Friday substitution
I'm pretty behind on my reading as I've been getting T+D's new, double-stuff Intelligence column out the door for March. We've expanded from three to six pages for that month (some months it may be four or five). I won't be writing it all every month, but will have contributors in addition to my own content--but for March I did most of it.
Anyway, I'll offer a super-duper best-you-might've-missed next week after I catch up on my reading.

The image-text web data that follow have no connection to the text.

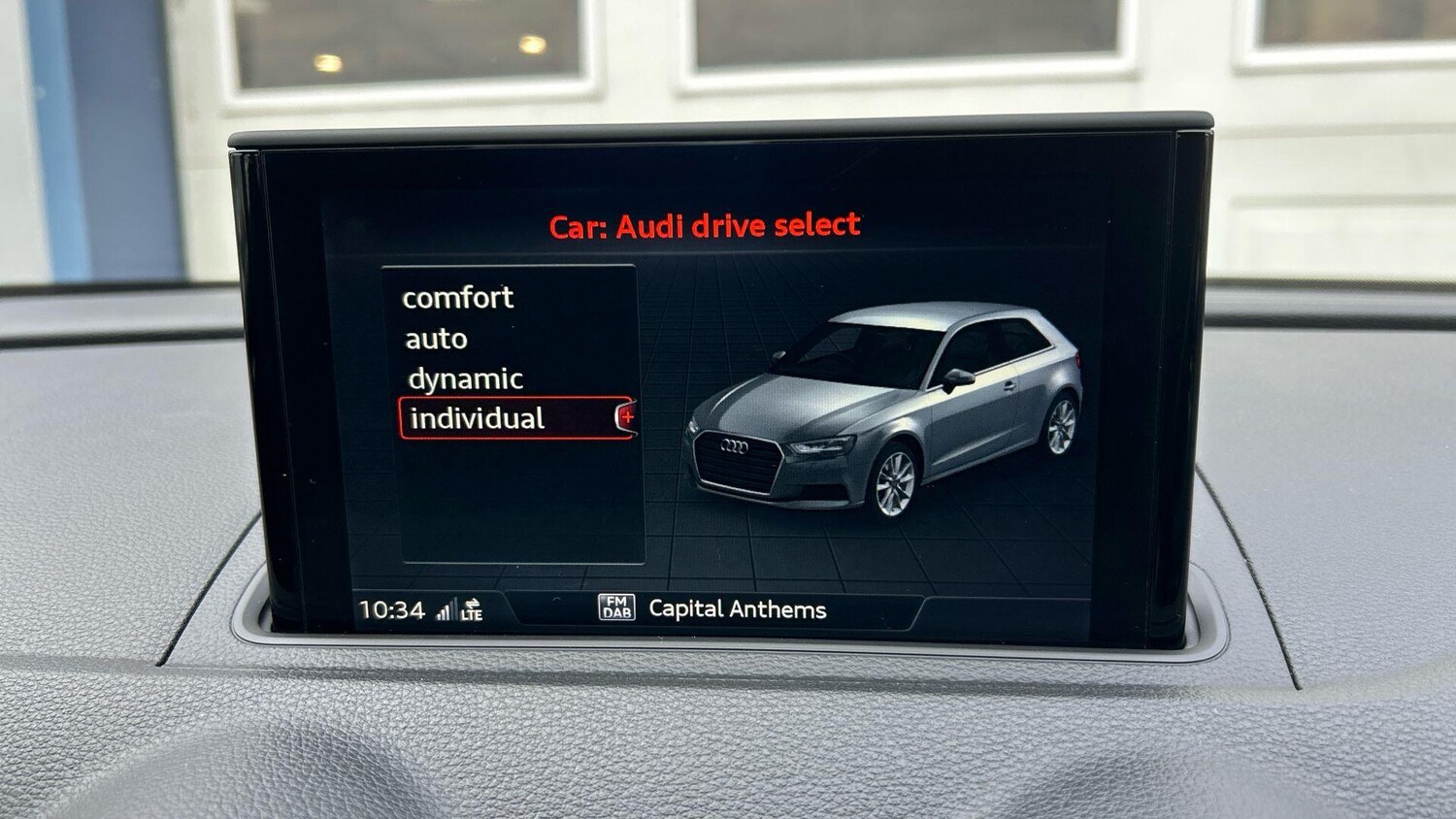 Used Audi A3 2016 for sale - 76361504: Photo 26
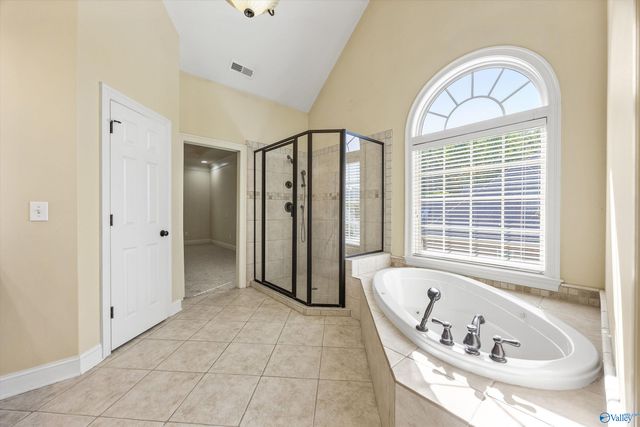 2311 Little Cove Road, Owens Cross Roads, AL 35763
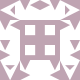 Avatar of kalegria24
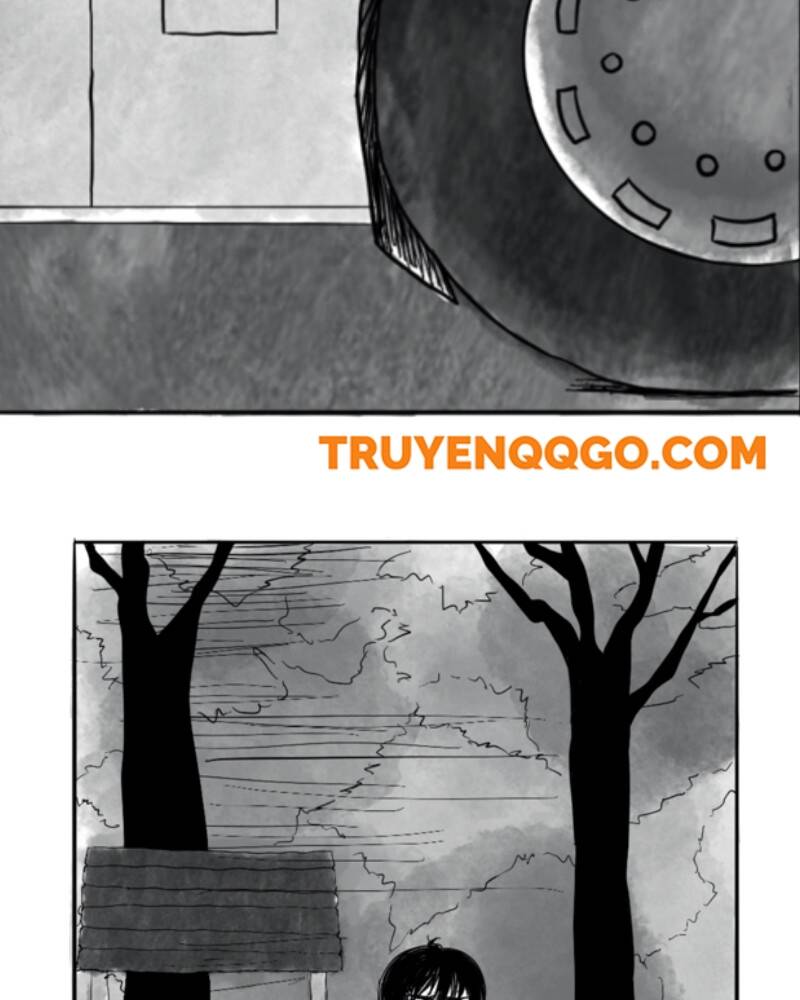 Radkaq Chapter 4 - 5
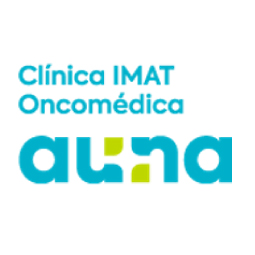 Imar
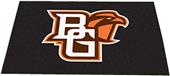 Fan Mats Bowling Green State Univ. All-Star Mat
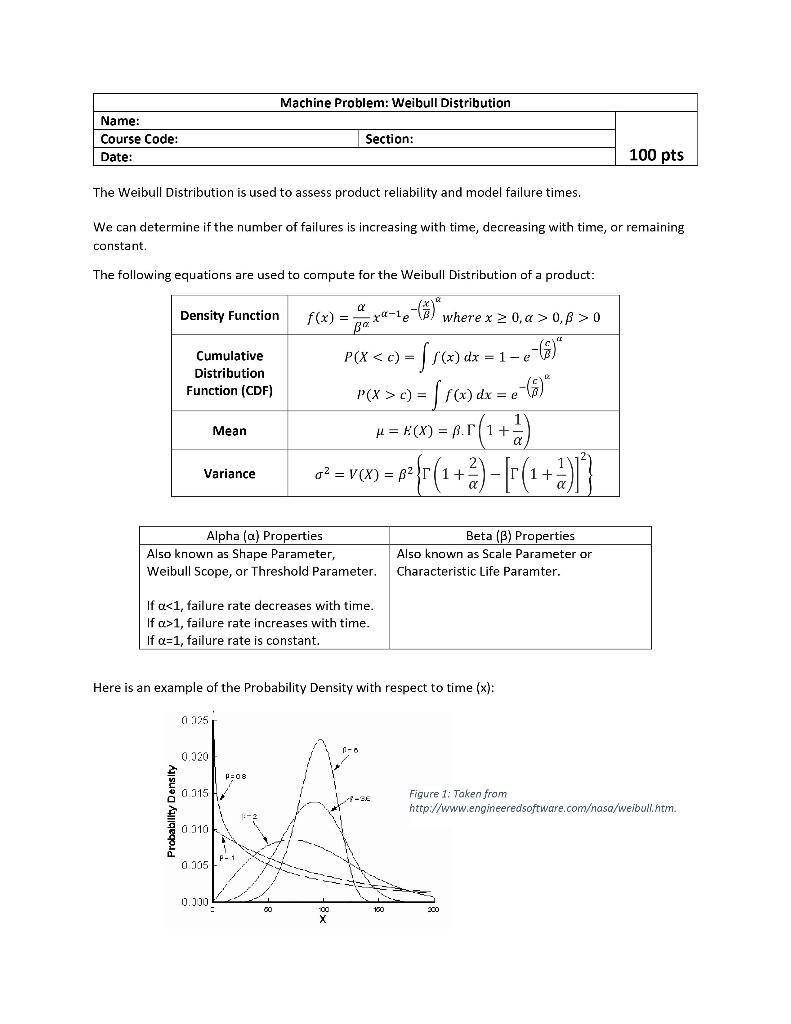 C++ programming NOTE: -use C++ -don't use #include "graph.h" -please follow all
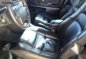 1999 VOLVO S70 for sale -8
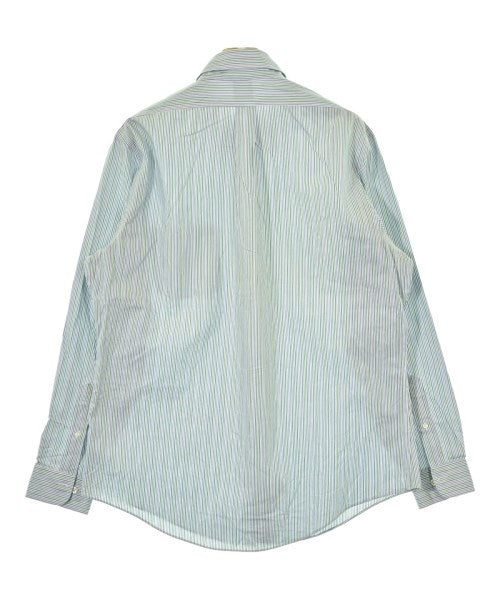 Brooks Brothers เสื้อลำลอง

In the meantime, here's a good tidbit I received in a press release, courtesy of The Driving Force: Lessons in Teamwork from Saturn and Other Leading Companies (2004, Xephor Press, www.xephorpress.com).
Characteristics and Tell-Tale Actions of Effective Executive Team Leaders
1. Facilitative Style: Achieve results through others; encourage discussions, collaboration and debates; recognize team results to nurture a team approach; require information sharing across groups.
2. Strategic Thinker: Strive for alignment; explore the vision, mission, and organizational direction; keep the pieces linked together; articulate the big picture; link team to other organizations or environmental situations to drive alignment; crate a vision and strategy for the organization.
3. Business Focused: Focus on measurable results; build interdependence and teamwork; reward performance.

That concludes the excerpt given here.